#### What to do:
When you find the line with "Alchn Food Industry Packaging Solution" among the records below, reproduce it and each line after it exactly, ending with the line with "Suicide Island Chap 19 - Next Chap 20".

#### Data under study:
^^^^^^^^^^^^^^^^

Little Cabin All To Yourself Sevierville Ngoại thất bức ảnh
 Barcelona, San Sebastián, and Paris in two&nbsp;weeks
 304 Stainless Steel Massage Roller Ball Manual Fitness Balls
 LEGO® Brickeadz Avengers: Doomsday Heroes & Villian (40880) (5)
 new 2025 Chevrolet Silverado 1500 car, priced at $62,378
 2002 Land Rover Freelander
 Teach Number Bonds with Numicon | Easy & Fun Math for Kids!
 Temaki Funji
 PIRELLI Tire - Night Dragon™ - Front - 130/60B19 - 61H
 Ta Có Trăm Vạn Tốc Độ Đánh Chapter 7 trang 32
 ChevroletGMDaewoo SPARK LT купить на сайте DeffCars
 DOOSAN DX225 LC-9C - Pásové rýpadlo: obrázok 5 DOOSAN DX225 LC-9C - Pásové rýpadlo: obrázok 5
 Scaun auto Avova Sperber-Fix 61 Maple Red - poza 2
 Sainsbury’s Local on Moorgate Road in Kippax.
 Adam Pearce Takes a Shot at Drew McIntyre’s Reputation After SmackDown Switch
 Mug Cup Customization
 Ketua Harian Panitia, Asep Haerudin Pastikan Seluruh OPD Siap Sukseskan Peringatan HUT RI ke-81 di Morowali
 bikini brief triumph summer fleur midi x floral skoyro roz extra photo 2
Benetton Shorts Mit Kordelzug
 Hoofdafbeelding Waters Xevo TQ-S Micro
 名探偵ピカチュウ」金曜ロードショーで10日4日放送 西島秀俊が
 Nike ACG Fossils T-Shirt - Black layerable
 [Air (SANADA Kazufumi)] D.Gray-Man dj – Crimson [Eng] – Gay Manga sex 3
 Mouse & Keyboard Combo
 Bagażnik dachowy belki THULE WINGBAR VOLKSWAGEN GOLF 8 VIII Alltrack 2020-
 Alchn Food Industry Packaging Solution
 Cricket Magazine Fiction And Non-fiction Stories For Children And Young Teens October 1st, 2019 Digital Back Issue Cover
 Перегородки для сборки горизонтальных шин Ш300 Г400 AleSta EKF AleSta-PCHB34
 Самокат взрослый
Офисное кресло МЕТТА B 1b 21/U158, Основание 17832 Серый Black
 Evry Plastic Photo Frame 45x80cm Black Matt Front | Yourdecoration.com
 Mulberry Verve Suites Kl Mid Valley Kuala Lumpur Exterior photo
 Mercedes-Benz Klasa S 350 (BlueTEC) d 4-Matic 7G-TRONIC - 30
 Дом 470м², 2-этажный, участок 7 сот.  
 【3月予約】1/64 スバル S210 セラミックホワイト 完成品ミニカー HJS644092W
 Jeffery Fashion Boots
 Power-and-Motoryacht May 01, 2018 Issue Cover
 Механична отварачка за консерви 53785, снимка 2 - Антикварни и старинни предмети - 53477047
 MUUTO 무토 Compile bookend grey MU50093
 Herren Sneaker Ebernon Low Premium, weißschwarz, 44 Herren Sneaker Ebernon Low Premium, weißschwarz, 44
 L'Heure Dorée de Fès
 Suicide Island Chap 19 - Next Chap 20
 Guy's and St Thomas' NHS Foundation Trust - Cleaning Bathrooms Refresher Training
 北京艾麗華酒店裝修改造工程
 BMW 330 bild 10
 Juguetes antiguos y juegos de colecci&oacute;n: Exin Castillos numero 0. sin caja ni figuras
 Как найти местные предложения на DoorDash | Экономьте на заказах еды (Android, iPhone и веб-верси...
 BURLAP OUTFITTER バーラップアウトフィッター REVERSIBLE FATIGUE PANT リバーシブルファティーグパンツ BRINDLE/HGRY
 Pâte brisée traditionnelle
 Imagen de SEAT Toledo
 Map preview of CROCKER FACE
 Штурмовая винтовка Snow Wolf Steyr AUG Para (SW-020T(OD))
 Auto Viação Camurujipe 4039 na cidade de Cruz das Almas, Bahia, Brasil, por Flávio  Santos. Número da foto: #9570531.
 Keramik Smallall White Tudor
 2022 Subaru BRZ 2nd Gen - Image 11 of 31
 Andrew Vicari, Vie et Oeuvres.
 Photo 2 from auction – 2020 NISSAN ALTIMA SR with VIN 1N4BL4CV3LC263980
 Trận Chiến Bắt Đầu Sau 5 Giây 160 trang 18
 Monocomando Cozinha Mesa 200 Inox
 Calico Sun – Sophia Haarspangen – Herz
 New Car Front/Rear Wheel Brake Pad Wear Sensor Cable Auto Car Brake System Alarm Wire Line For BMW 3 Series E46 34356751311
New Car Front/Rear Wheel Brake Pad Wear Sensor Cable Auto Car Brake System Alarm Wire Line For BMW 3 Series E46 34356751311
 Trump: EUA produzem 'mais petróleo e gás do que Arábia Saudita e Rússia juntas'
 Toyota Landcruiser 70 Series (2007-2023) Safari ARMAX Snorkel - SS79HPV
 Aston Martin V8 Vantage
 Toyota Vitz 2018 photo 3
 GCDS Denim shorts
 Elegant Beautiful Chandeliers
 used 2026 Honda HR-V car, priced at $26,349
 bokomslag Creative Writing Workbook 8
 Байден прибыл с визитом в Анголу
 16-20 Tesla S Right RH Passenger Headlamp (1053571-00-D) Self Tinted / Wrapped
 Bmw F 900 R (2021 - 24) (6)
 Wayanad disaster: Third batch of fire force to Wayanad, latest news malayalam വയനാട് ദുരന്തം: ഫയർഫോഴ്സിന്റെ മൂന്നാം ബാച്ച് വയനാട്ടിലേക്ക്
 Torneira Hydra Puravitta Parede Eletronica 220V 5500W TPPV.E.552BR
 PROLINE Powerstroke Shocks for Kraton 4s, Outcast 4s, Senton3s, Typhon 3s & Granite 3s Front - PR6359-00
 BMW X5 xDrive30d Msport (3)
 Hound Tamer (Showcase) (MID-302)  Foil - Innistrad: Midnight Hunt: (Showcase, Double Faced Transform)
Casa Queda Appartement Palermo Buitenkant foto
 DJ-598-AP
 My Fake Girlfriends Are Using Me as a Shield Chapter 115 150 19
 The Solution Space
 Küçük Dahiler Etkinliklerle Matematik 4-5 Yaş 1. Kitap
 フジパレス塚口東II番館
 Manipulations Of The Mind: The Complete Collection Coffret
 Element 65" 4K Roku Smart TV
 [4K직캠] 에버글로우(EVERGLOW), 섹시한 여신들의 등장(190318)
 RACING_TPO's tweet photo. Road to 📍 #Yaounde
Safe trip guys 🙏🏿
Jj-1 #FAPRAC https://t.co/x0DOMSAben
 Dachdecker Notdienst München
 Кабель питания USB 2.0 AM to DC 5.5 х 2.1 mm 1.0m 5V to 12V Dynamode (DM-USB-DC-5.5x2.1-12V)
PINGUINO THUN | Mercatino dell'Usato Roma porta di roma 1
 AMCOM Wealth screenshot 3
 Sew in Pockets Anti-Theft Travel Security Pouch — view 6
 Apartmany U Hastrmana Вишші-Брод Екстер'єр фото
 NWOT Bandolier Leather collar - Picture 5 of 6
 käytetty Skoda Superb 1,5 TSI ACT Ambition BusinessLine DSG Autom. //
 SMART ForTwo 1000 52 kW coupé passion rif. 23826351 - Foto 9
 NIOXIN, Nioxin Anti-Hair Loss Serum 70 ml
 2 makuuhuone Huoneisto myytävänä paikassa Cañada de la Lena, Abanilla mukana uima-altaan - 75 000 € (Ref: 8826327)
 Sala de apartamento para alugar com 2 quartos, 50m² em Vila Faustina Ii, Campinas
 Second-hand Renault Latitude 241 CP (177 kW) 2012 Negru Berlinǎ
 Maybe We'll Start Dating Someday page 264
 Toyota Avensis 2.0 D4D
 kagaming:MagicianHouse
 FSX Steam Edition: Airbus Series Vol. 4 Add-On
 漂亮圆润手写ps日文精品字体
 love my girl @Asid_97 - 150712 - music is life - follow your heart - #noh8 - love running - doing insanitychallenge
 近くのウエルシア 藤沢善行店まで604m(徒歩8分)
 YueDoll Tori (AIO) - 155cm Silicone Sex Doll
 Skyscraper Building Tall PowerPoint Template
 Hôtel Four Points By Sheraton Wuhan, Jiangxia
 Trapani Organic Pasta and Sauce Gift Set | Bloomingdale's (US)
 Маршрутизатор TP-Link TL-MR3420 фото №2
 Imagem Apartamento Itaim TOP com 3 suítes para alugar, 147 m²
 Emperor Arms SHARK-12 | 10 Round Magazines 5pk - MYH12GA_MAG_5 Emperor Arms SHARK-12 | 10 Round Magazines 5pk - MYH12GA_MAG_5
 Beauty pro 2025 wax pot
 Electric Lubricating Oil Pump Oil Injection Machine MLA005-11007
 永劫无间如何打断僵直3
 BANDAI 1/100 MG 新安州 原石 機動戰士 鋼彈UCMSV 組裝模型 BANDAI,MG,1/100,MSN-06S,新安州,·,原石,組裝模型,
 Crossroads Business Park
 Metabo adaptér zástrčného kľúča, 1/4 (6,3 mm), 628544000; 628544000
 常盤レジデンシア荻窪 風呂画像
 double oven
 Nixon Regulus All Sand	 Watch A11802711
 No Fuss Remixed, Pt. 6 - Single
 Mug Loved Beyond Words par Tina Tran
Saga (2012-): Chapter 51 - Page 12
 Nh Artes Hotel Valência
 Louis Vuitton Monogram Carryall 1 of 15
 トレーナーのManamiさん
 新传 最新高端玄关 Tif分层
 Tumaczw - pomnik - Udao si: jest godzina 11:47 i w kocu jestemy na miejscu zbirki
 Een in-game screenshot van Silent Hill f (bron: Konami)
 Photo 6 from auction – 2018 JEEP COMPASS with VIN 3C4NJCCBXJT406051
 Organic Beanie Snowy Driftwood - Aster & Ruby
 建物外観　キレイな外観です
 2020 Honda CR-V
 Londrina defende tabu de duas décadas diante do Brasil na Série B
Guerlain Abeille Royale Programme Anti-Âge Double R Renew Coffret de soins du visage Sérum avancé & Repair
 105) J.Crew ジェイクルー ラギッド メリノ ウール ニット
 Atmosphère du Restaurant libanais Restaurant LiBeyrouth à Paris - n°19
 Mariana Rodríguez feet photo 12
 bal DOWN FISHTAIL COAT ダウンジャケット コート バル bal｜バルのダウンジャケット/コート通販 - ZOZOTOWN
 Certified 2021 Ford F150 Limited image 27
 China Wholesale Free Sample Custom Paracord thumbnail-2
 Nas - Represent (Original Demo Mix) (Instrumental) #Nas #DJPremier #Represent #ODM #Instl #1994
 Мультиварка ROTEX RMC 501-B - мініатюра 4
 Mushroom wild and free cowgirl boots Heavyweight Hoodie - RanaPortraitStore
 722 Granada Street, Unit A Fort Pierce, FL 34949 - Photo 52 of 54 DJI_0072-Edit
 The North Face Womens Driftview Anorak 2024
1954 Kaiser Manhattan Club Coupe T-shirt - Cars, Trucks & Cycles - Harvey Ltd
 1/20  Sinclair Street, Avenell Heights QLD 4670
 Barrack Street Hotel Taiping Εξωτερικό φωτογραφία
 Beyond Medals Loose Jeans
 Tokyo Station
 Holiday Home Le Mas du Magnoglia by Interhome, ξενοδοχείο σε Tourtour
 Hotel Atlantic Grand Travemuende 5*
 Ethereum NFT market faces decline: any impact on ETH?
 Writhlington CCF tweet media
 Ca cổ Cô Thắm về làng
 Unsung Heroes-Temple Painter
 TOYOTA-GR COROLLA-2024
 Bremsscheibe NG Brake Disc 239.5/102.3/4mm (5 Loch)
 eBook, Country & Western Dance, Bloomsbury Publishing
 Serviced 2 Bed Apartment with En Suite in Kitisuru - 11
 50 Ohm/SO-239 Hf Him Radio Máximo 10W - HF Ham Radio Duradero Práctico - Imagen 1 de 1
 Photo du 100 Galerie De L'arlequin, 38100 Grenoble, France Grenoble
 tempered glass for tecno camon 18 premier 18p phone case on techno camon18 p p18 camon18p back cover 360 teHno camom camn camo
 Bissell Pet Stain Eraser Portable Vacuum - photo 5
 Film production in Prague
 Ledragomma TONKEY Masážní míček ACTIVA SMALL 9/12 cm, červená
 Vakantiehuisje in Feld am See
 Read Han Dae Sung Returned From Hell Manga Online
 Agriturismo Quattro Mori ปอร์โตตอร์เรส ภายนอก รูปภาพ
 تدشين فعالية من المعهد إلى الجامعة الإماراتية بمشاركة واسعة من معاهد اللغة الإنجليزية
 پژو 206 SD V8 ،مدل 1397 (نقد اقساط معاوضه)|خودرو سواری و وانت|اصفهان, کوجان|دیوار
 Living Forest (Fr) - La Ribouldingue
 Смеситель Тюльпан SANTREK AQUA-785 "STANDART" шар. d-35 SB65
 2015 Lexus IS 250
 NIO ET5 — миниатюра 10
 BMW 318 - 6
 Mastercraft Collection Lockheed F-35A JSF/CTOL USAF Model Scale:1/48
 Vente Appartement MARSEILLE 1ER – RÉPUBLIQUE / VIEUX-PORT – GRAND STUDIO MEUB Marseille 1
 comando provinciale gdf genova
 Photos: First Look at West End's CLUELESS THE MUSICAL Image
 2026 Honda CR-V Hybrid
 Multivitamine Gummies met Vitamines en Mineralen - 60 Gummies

^^^^^^^^^^^^^^^^

#### Answer to the exercise:
 Alchn Food Industry Packaging Solution
 Cricket Magazine Fiction And Non-fiction Stories For Children And Young Teens October 1st, 2019 Digital Back Issue Cover
 Перегородки для сборки горизонтальных шин Ш300 Г400 AleSta EKF AleSta-PCHB34
 Самокат взрослый
Офисное кресло МЕТТА B 1b 21/U158, Основание 17832 Серый Black
 Evry Plastic Photo Frame 45x80cm Black Matt Front | Yourdecoration.com
 Mulberry Verve Suites Kl Mid Valley Kuala Lumpur Exterior photo
 Mercedes-Benz Klasa S 350 (BlueTEC) d 4-Matic 7G-TRONIC - 30
 Дом 470м², 2-этажный, участок 7 сот.  
 【3月予約】1/64 スバル S210 セラミックホワイト 完成品ミニカー HJS644092W
 Jeffery Fashion Boots
 Power-and-Motoryacht May 01, 2018 Issue Cover
 Механична отварачка за консерви 53785, снимка 2 - Антикварни и старинни предмети - 53477047
 MUUTO 무토 Compile bookend grey MU50093
 Herren Sneaker Ebernon Low Premium, weißschwarz, 44 Herren Sneaker Ebernon Low Premium, weißschwarz, 44
 L'Heure Dorée de Fès
 Suicide Island Chap 19 - Next Chap 20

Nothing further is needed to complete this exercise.